Ayat ini mengatakan , iman yang kuat berarti dia mungkin pernah mengalami
kelemahan dan kemudian dikuatkan. Iman sejati pasti bertumbuh. Iman selalu
dibentuk oleh Tuhan agar semakin kuat. Sejak menerima Tuhan Yesus, Timotius datang
ke gereja dan bertumbuh, sampai ia bertemu Rasul Paulus yang mengajaknya pelayanan.
Kemudian Rasul Paulus meminta Timotius untuk ikut melayani di Efesus. Efesus
bukanlah tempat yang sederhana tetapi tempat yang punya banyak permasalahan.

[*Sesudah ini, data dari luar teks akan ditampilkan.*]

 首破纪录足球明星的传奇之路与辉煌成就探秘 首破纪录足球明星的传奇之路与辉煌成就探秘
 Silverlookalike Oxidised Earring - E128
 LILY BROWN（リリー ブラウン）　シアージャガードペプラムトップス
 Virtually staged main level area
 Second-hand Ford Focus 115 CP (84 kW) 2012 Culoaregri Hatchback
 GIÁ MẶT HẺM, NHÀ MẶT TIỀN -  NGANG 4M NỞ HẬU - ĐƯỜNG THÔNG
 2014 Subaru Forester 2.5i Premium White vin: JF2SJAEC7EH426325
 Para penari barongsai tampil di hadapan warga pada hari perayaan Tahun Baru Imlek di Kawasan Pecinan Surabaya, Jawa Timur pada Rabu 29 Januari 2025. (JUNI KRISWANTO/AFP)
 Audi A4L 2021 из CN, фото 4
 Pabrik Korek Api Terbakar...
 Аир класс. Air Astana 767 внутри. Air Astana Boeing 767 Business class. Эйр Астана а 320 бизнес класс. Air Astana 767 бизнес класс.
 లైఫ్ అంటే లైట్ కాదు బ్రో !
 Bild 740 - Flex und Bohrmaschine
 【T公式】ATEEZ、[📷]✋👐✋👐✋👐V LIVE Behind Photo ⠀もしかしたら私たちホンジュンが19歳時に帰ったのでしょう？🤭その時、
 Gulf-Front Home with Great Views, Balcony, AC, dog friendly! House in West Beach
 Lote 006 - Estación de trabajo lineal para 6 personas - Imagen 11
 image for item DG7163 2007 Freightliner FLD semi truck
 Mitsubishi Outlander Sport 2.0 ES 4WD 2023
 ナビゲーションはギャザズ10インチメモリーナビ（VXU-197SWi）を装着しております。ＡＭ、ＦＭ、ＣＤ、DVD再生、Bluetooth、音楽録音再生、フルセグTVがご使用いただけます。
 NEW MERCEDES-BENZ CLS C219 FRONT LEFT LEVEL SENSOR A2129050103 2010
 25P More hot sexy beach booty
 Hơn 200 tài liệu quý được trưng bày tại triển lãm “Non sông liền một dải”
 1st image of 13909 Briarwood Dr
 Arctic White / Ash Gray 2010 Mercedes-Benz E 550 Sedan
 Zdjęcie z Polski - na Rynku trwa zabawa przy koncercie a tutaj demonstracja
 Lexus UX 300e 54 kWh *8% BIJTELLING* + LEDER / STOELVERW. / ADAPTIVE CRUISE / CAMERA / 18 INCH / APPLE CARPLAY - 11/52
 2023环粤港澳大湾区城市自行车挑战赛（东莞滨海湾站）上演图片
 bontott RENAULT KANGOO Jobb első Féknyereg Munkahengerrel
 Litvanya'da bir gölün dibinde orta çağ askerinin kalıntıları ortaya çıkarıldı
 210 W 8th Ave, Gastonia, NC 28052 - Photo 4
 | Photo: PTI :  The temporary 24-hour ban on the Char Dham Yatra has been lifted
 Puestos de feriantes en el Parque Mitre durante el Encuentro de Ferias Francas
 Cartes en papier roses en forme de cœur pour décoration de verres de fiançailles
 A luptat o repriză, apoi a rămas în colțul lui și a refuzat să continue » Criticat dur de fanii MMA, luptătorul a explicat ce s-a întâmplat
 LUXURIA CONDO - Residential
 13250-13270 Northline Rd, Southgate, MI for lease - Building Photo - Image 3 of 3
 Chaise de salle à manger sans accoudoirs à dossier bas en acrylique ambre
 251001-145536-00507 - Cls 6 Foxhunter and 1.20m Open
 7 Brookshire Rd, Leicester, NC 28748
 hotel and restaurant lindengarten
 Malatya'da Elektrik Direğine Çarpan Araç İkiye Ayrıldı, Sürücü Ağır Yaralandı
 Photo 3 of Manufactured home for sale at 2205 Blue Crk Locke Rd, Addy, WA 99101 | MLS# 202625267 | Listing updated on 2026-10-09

Tetapi Timotius memiliki iman yang kuat. Iman yang kuat ini dibutuhkan kalau
kita mau meneruskannya pada generasi yang berikut. Waktu anak melihat orang tua
mempunyai iman yang kuat mereka bisa mengikutinya. Seperti orang tua yang
berdoa setiap pagi, maka anaknya akan ikut. Semua tokoh besar berkata, “Aku
ikut orang tuaku”. Seorang pengkhotbah besar abad lalu, DL Moody berkata, “Semua
yang aku rasakan sekarang, aku warisi dari orang tuaku.” Semoga Tuhan menolong
kita untuk terus bertumbuh semakin kuat.
Suatu waktu saat di
Singapore saya diminta untuk pelayanan di Korea. Waktu ini telepon genggam baru
keluar. Saat mau berangkat ke korea, ada seorang jemaat bertanya, “Berapa nomor
handphone-mu? Saya berkata, “Saya
tidak punya. Di tempatku HP belum banyak.” Dalam hati saya berkata, “Nanti, saya
ingin membelinya satu di Korea.” Ternyata harganya lebih mahal di sana. Waktu balik
ke Singapore, setelah pelayanan ada yang memberikan telepon genggam yang
ukurannya saat itu masih besar seperti setrikaan. Lama-lama HP berukuran kecil
keluar dan saya masih memakai yang besar. Sehingga anak-anak yang punya HP seperti
itu berkata dengan bercanda ke saya, “Papa , di sebelah sana ada yang sedang membangun
tembok. HP papa taruh saja di sana untuk ditembok.” Saya menjawab, “Eh, papa
mau mulai berdoa sekarang.” Seminggu kemudian, ada orang datang membawa sebuah tas
kecil. Dia berkata, “Mungkin ini bagus untukmu.” Rupanya HP terbaru. Setelah ia
pulang, terdengar suara telpon berdering. Kami bertanya-tanya,”Itu telepon
siapa?” Suaranya terdengar asing. Setelah dicari-cari ternyata ternyata itu suara
HP baru tersebut. Anak-anak berkata,”Rupanya papa punya HP baru.” Lalu mereka
berkata, “Wah kalau begitu doa itu ada khasiatnya.” Belakangan bila ada apa-apa, seorang anak yang berkata, “Papa
bantu dong dalam doa.” Waktu kita memberi teladan ke anak, mereka melihat dan
mengikuti jalan itu. Lois pasti memberi teladan yang baik. Bahkan diikuti dalam
hidup Timotius.
Iman yang penuh kasih.
Hubungan iman dengan kasih . Beriman adalah satu
hal. Tetapi dorongan iman itu datang dari kasih. Kasih itu punya dorongan yang
besar sekali. Ia ibarat ukuran kapasitas mesin (sentimeter kubik ,cc) mobil.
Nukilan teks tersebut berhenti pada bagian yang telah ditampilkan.